| Políticas públicas e informações 
              estatísticas: a informação estatística 
              como política pública Luiz 
              Henrique Proença Soares
 O jogo 
              de palavras que dá título a este breve artigo visa 
              atrair a atenção e o interesse dos leitores para alguns 
              aspectos relativamente pouco discutidos do uso das informações, 
              envolvendo a oferta e a demanda de um tipo específico - as 
              informações estatísticas - produzidas por 
              agências públicas voltadas para esse fim, configurando 
              assim o campo das estatísticas públicas ou 
              estatísticas oficiais1: 
              trata-se das condições institucionais de sua produção, 
              envolvendo a configuração da oferta e a captação 
              da demanda, à luz das transformações por que 
              vem passando o funcionamento do setor público no Brasil. 
               Não 
              nos deteremos aqui na demonstração do quão 
              importante são as informações, de um modo geral, 
              para as atividades humanas nos tempos em que vivemos. A ponto de 
              que mal nos damos conta do uso que delas fazemos em nossas vidas 
              quotidianas. O mesmo ocorre com organizações mais 
              complexas, como empresas e governos, em que se supõem como 
              correntes as práticas da racionalidade, do controle, da fundamentação 
              das escolhas e da transparência, e que têm, portanto, 
              seus processos decisórios mais e mais assentados sobre a 
              consulta e análise de informações de variada 
              natureza2.  Assim, 
              também as políticas públicas, em todos os domínios 
              de intervenção do estado, necessitam e vêem, 
              de fato, crescentemente, se apoiando em informações 
              como insumo básico para o seu desenho, acompanhamento, avaliação 
              de impactos e de resultados e eventuais correções 
              de curso.  Atribui-se 
              ao pesquisador alemão Aschenwall (1719-1772) a criação 
              da palavra Estatística, entendida como ciência 
              do Estado, que permitia ao governante obter um quadro mais objetivo, 
              porque traduzido em cifras (e não em relatos textuais), dos 
              fatos concernentes aos seus domínios. Logo essa atividade 
              passou a ser desenvolvida por agências cada vez mais especializadas, 
              constituídas no seio do aparelho de Estado, envolvendo a 
              produção de normas de classificação 
              e ordenamento que permitissem a comparabilidade das informações 
              e uma certa estabilidade no tempo, e de técnicas e metodologias 
              de trabalho que ensejassem a produção de cifras cada 
              vez mais precisas em relação à realidade que 
              se pretende mensurar. Credibilidade e legitimidade passaram a ser 
              características fundamentais a serem perseguidas, tanto pelas 
              estatísticas como pelas agências que as produzem, sob 
              pena de, ausentes tais atributos, umas e outras perderem completamente 
              o sentido e a própria razão de serem. Competência 
              técnica e isenção constituem objetivos permanentes 
              para esse tipo de entidade. Ao 
              mesmo tempo, expandiu-se para fora dos limites do aparelho de Estado 
              o interesse e a pressão pelo conhecimento dos fenômenos 
              sócio-econômicos e demográficos investigados, 
              fazendo com que a informação estatística passasse 
              a ser demandada por vários segmentos da sociedade, em ritmos 
              historicamente variados, mas muito associados ao fortalecimento 
              do Estado de direito, liberal e moderno3. 
               Mas, 
              afinal, o que são as estatísticas? Apresentamos abaixo 
              duas das muitas aproximações possíveis, e que 
              muito interessam ao que se quer aqui discutir:  1) 

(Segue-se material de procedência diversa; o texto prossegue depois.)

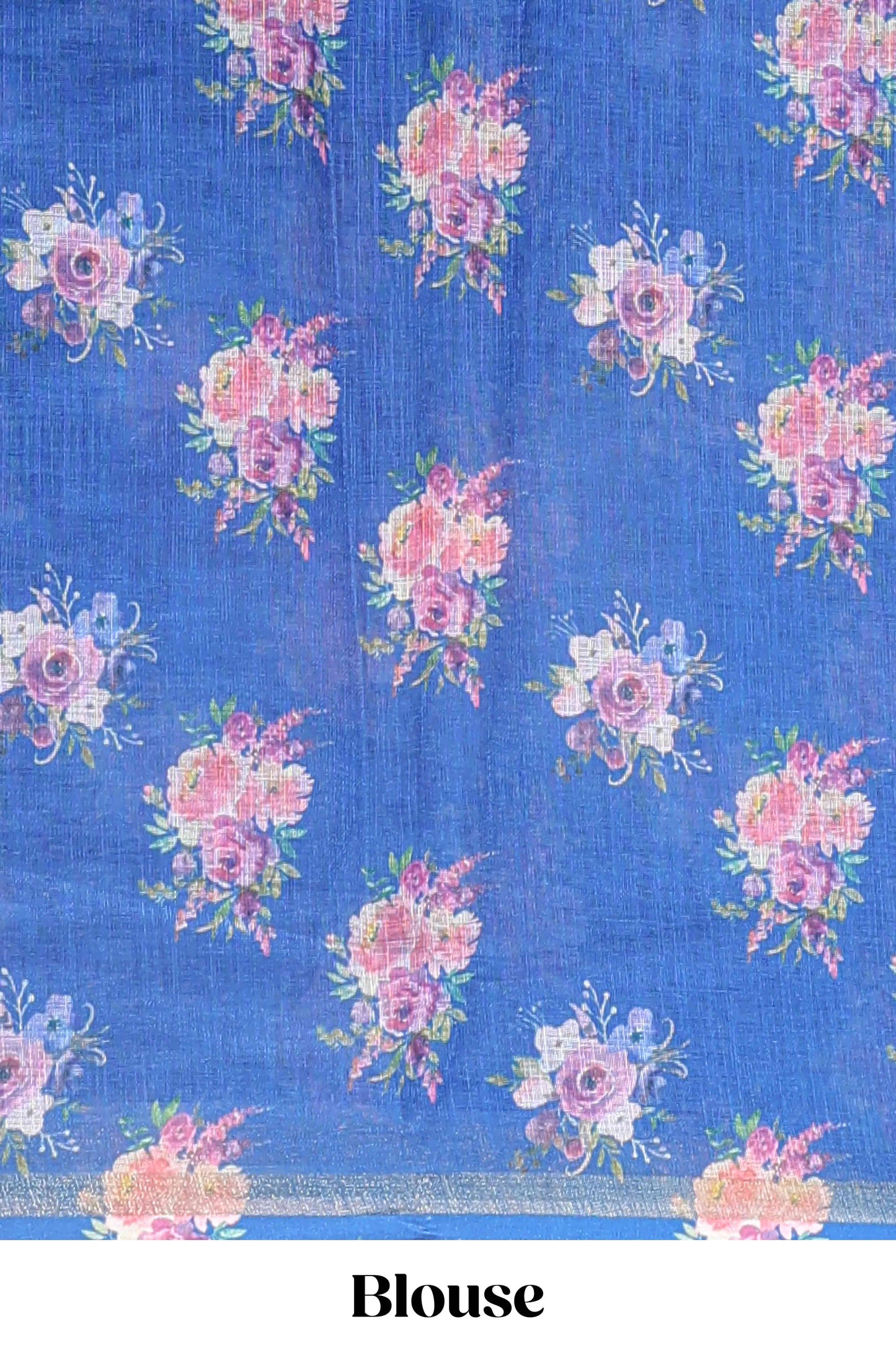 Blue wedding linen saree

                  "As estatísticas são o resultado da observação. 
                  A estatística nos permite obtê-los e tratá-los, 
                  o que nos faz constantemente esquecer que os fatos numéricos 
                  não provêm de uma simples operação 
                  de medida.  Todo 
                  mundo sabe que os ‘fatos’ são construídos e que 
                  a observação é um processo de definição 
                  do objeto.(...) As 
                  estatísticas não refletem a realidade, refletem 
                  o olhar da sociedade sobre si mesma." E, 
              mais adiante, ainda o mesmo autor: "A 
                  comensurabilidade não é uma propriedade dos objetos, 
                  mas uma qualidade que lhes atribui o observador."4 2) 
                  "...as informações estatísticas 
                  intentam expressar, na linguagem universal dos números, 
                  múltiplos organizados, sempre a partir de algum princípio 
                  de equivalência previamente estabelecido, contribuindo 
                  distintamente para tornar o mundo ausente e distante, desconhecido, 
                  pensável et pour cause governável, o que 
                  quer dizer que se nos apresentam a um só tempo como instrumentos 
                  de saber e de poder. Dessa forma, a informação 
                  estatística se oferece de modo muito especial à 
                  ação dos que governam, entendendo-se por governar 
                  a capacidade de alguns agirem sobre outros (coletividades), 
                  o que, de certa forma, todos têm, ainda que em formas 
                  e conteúdos diferentes, mormente no tempo presente, sob 
                  o renascer do liberalismo, em que as autonomias decisórias 
                  parecem ter atingido uma descentralização ou desconcentração 
                  administrativa e política jamais vista antes5. 
                   Para 
              irmos mais diretamente ao ponto que gostaria de ressaltar, os trechos 
              acima reproduzidos deixam claro que o processo de produção 
              das estatísticas está longe de ser algo neutro e objetivo. 
              Ao contrário, desde a escolha dos temas a serem investigados 
              até os conceitos e muitos outros aspectos metodológicos 
              da produção de estatísticas públicas, 
              tudo é produto de escolhas feitas pelo "observador". 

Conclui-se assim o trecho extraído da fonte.